これは署名原稿で、筆者はラトビア大学の講師、かつ東欧政策研究センターの委託研究員であるアンディス・クドルスという人物です。専門はロシアの政治。

この原稿は同日に複数の媒体に掲載されているのですが、一部内容が違っていて、ここではリンク先の「Delfi」を使います。

この文章の冒頭は、タイトルにも入っている「役に立つ馬鹿」の解説です。ラトビア語でnoderīgie idioti。英語でuseful idiot。

これはレーニンの言葉であると説明し、しかし、それに対しては異論も出ているとも説明されています。レーニンがそのようなことを書いた記録も言った記録もないらしく、ゲッベルスの架空の名言「嘘も百回言えば真実になる」と似たようなものか。「レーニンはきっと役に立つ馬鹿と喜んでいるだろう」といった文章が、いつの間にか「レーニンが言った」ということになったのだろうと想像します。

Wikipediaによると、記録が残っているもっとも古い使用例は、1948年のイタリアの雑誌で、同年中に「ニューヨークタイムズ」が紹介して英語圏でもあっという間に広がります。「こういう人たちっているよね」と皆が思っていた存在につける名称として格好の言葉だったのでありましょう。

その存在は「自分にはそういう自覚がないまま、悪意の政府や個人に寄与してしまうような団体や個人」です。その当時もそれ以降ももっぱらソ連のからみで使われます。今はロシア。ソ連の時代であれ、今であれ、「役に立つ馬鹿」と言われるのはもっぱら左翼やリベラルです。

 

 

現代の「役に立つ馬鹿」

 

vivanon_sentenceこの説明に続いて、おもにラトビアを舞台にした「役に立つ馬鹿」を具体的に取り上げてますが、ラトビア語の自動翻訳であり、ラトビアの事情が全然わからんので省略するとして、一つだけ具体例を挙げておきます。ラトビアとは関係なく、英国労働党の元党首であり、現在も議員であるジェレミー・コービン「NATO 拡大にノー!」「NATO 拡大に反対!」「ウクライナの平和への本当の道」「ウクライナへの武器の供給は止めなければならない!」と主張しているとあります。

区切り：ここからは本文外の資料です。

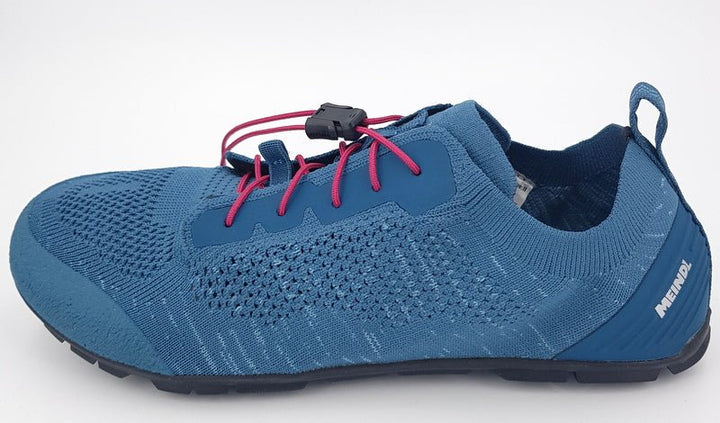 Meindl Pure comfort petrol-magenta - Winzer Gesunde Schuhe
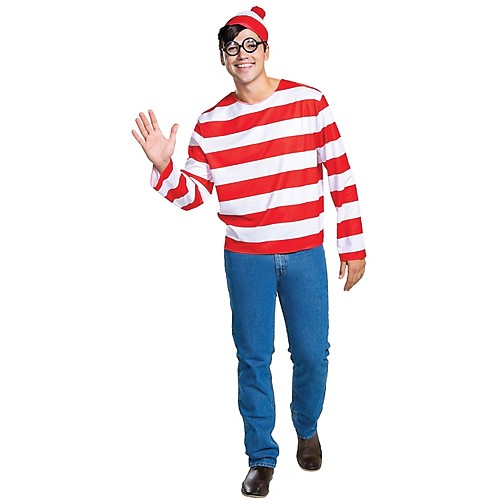Featured Image for Waldo Classic Adult Costume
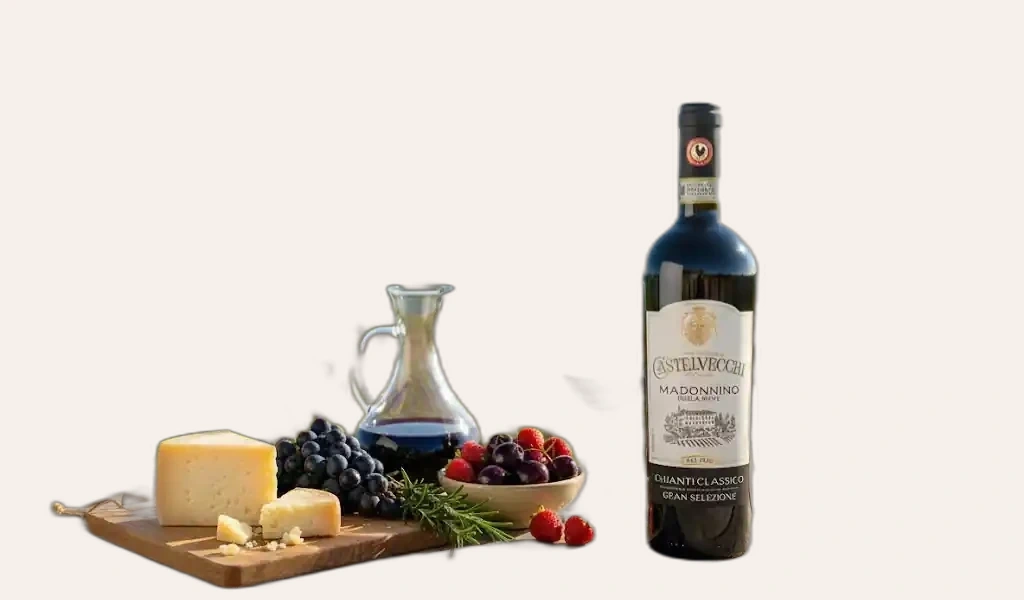 Castelvecchi Gran Selezione Chianti Classico Madonnino DOCG Chất Lượng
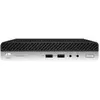 PC HP 400 G5 Mini Intel® Core  i5 8 Go RAM 256 Go HDD Noir et Argent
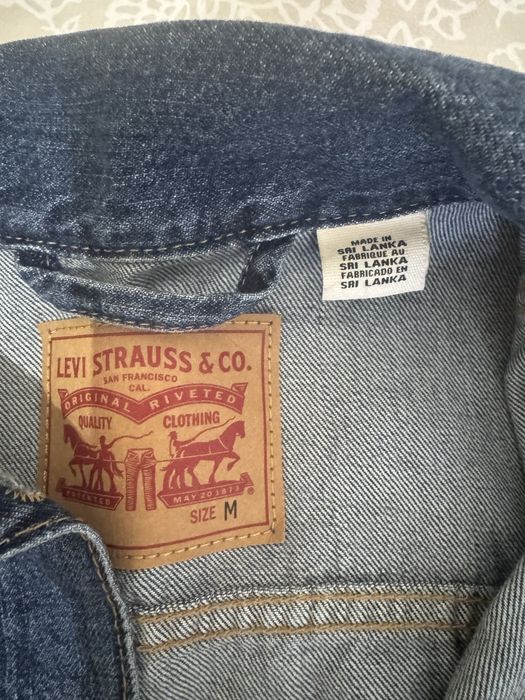 Джинсовая курточка Levi’s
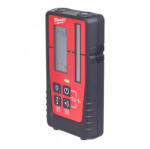 Milwaukee vonal/forgólézer detektor LRD100 piros/zöld (4932479555)
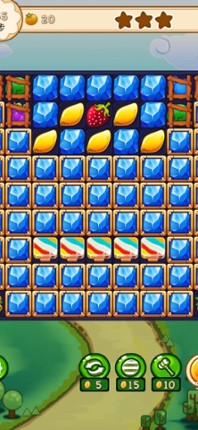 Fruit Pop Fun - Match 3 Games screenshot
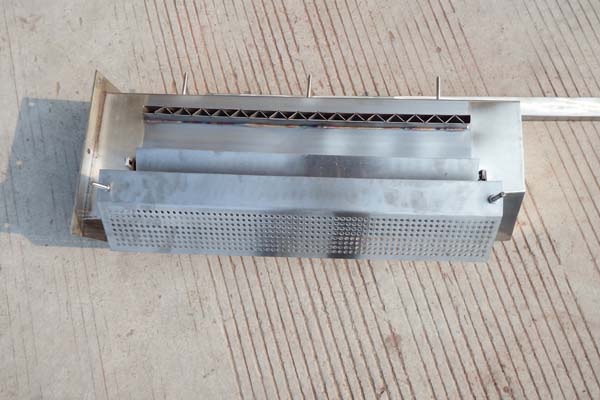 成型区送风口价钱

一般論として成立する「戦争はいけない」という論をウクライナやウクライナを支援する側に一方的に求めるのは無理ってもんです。ウクライナとロシアに等しく求めるのもおかしい。ロシアに対して、「侵略をやめろ」「民間施設への攻撃をやめろ」「民間人の虐殺をやめろ」「略奪をやめろ」「嘘をつくな」と抗議を100回くらいやってから、ウクライナの問題点を指摘するのはバランスが適切ですが、「そもそもロシアが始め、今もロシアがウクライナに一方的に侵攻している」という点をすっとばして、あたかもロシアとウクライナが対等のように扱うべきではありません。

ジェレミー・コービンがどうか知らないですが、こういう人たちは「私だってロシアの侵攻には反対だ」と枕で言って、ロシアに対してはそれしか触れない。しかし、ウクライナを100回批判します。逆だべ。

日本でも侵攻が始まって間もなく、「ウクライナは和平交渉に応じるべき」と主張する人たちがいました(私は直接そういう人を確認していないですが)。これについては「ホロモドールを思い返せ」と私は書きました。停戦すればロシアがクリミアや東部を支配してる状態を固定してしまい、なおかつロシアは数年後にまた侵攻しますし、完全支配したのちには小麦を合法的に奪っていき、ウクライナ人は餓死します。この状態で停戦するのは侵攻したロシアに圧倒的有利であり、侵略してすぐに和平交渉に持ち込む手法を使う国家が続出します。中国とか。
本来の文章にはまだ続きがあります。